The characterization of the final protein recovered showed that the majority of PspA1 was structured as α-helix with 82%, followed by 10% of unordered sequence, 4% β-sheet, and 3% turns, as expected. For PspA4Pro, the protein showed the same percentage of α-helix, but there were differences in unordered sequence (4%), turns (6%), and β-sheet (8%) (Figueiredo et al. 2017). PspA1 also showed only one Tm point for both heating and cooling processes, whereas PspA4Pro had shown 2 Tm points for each, which means that two points of inflection in the sigmoidal curve could be fitted for PspA4Pro during heating and other two when it was cooled back.
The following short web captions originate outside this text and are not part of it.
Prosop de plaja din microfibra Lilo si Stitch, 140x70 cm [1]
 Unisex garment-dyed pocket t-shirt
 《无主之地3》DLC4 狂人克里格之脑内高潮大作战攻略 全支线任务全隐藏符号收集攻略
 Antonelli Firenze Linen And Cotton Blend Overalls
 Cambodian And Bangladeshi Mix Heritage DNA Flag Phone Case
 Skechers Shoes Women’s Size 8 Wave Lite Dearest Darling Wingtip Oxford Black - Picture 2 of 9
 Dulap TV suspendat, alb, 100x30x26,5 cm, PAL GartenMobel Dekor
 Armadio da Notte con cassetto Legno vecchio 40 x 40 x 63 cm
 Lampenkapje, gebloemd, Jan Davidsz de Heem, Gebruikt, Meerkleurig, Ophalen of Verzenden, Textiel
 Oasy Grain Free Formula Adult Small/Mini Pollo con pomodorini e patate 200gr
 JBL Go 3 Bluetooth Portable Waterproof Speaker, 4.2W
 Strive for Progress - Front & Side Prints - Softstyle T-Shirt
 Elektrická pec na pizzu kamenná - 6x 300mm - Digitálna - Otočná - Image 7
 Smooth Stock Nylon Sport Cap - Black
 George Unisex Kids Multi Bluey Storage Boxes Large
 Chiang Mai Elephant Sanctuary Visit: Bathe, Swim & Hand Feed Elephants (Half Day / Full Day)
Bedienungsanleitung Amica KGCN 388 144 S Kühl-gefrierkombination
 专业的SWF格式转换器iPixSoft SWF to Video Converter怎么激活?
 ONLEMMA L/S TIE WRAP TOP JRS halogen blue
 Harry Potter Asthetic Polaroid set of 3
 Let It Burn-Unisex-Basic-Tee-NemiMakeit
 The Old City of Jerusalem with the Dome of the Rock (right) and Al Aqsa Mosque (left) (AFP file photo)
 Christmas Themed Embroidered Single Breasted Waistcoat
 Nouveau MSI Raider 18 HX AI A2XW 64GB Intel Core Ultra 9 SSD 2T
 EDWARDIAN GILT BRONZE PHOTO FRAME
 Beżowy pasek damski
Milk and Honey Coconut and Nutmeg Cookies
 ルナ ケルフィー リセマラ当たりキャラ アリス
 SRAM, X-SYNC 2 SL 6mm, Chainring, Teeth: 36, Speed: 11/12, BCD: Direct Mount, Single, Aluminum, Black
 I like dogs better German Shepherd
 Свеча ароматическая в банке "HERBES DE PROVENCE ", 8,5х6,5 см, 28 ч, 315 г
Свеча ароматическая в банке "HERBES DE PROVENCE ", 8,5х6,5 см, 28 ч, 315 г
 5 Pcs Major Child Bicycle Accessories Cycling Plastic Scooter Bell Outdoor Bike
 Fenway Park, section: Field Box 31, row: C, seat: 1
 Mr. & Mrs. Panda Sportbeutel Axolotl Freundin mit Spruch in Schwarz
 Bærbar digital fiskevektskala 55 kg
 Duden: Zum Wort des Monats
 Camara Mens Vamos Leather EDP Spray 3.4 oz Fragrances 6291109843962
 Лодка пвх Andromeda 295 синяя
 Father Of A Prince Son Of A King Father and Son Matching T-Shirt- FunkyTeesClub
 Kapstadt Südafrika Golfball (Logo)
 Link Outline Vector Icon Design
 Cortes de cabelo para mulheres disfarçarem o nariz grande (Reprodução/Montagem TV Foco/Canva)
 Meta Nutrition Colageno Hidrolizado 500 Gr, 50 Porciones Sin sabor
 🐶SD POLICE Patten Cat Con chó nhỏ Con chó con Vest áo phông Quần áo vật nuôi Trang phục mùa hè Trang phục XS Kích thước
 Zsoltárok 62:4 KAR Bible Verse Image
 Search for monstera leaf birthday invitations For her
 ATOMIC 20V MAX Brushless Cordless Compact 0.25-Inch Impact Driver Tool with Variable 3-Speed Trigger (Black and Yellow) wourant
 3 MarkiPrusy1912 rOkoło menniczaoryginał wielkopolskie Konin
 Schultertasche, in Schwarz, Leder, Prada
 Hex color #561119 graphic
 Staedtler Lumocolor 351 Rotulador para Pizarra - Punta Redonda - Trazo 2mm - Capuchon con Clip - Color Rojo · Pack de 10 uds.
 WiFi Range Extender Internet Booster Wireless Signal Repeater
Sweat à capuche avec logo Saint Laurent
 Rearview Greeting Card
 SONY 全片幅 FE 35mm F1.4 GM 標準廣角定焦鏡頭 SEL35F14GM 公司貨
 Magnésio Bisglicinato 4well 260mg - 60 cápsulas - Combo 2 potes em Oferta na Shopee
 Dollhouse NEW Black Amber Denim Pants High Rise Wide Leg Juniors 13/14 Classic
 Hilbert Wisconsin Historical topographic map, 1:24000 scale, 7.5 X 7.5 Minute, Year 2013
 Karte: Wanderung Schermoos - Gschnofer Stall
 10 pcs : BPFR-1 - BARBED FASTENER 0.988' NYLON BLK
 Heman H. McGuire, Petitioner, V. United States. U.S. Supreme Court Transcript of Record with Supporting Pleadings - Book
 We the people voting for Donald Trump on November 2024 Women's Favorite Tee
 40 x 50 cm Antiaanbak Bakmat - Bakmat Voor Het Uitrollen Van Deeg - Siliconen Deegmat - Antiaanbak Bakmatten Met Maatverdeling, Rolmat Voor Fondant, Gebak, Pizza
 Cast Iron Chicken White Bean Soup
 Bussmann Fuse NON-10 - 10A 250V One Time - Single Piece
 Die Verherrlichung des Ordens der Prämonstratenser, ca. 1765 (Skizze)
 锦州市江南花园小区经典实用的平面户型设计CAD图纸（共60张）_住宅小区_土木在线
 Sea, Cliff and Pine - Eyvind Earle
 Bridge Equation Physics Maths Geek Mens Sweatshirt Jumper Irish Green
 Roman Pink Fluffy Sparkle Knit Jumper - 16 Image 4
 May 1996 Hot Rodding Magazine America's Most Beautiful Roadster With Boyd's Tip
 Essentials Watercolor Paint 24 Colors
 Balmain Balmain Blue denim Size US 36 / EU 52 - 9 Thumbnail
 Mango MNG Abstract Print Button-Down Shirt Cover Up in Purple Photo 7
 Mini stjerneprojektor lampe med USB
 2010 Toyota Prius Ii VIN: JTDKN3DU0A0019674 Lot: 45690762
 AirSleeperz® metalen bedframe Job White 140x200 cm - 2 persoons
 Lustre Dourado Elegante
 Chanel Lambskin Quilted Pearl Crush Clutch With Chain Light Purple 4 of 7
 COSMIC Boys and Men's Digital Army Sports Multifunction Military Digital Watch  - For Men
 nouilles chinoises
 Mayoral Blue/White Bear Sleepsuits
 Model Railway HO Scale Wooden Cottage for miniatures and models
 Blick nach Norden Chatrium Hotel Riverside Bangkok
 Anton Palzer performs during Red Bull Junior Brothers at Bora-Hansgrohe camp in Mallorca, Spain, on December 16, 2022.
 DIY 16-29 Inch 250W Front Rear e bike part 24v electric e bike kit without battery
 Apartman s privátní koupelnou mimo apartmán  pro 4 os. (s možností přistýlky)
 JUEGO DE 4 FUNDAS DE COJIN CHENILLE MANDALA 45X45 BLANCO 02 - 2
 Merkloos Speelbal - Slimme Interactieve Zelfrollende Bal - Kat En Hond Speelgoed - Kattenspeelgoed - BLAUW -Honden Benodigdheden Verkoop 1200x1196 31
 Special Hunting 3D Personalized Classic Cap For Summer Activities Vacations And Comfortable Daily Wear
This indicates that PspA4Pro first lost part of its structure, resist for some increase of temperature, and then finally lost all its structure, while PspA1 lost all its structure at once when the temperature is above 60 °C. It was also possible to observe that PspA1 showed different molar ellipticity curves at 222 nm in the range of 2 to 40 °C during heating and cooling, which indicates that PspA1 could not recover completely its secondary structure. On the opposite, when PspA4Pro was cooled back, it recovered the original secondary structure, which indicates that PspA4Pro is more thermoresistant than PspA1.

In conclusion, we showed here an easily scaled-up process for production and purification of a PspA from clade 1. The difference between PspA4Pro and PspA1 in the amino acid sequence of the molecules imposed the development of a novel method for purification. The final protein showed a purity above 93% when analyzed by size exclusion HPLC. The final protein showed reduced endotoxin content and preserved its secondary structure and biological activity.